> _Activity_: When you repeat the listing below, keep every word exactly and leave out each picture.

> _Data extract_:
--------------------
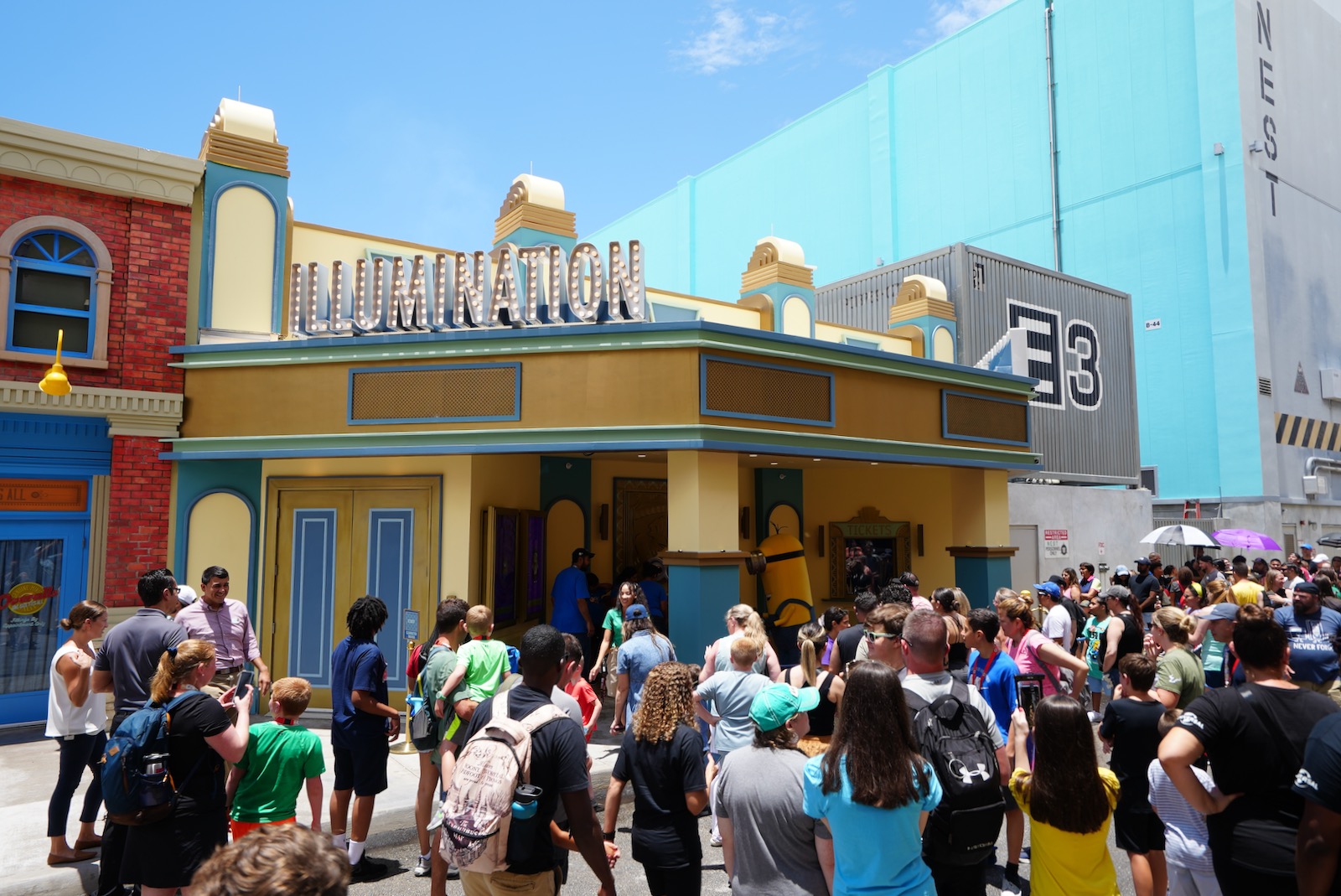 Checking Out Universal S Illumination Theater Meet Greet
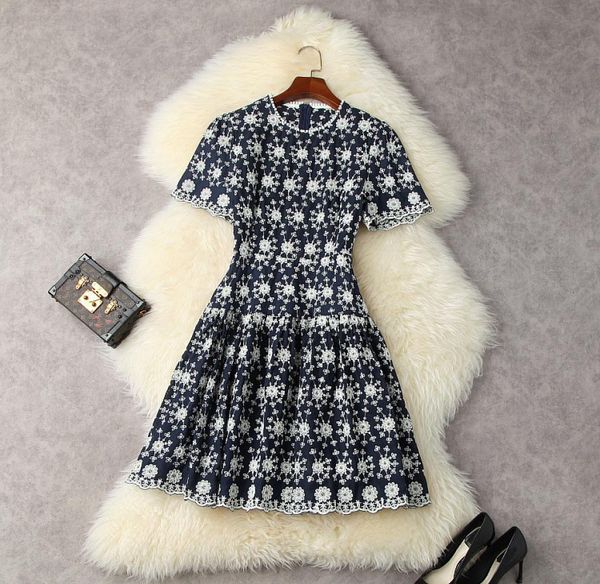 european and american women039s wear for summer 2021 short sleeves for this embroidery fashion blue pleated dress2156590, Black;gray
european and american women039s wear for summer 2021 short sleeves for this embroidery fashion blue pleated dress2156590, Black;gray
--------------------
> _Output of the exercise_:
 Checking Out Universal S Illumination Theater Meet Greet
 european and american women039s wear for summer 2021 short sleeves for this embroidery fashion blue pleated dress2156590, Black;gray
european and american women039s wear for summer 2021 short sleeves for this embroidery fashion blue pleated dress2156590, Black;gray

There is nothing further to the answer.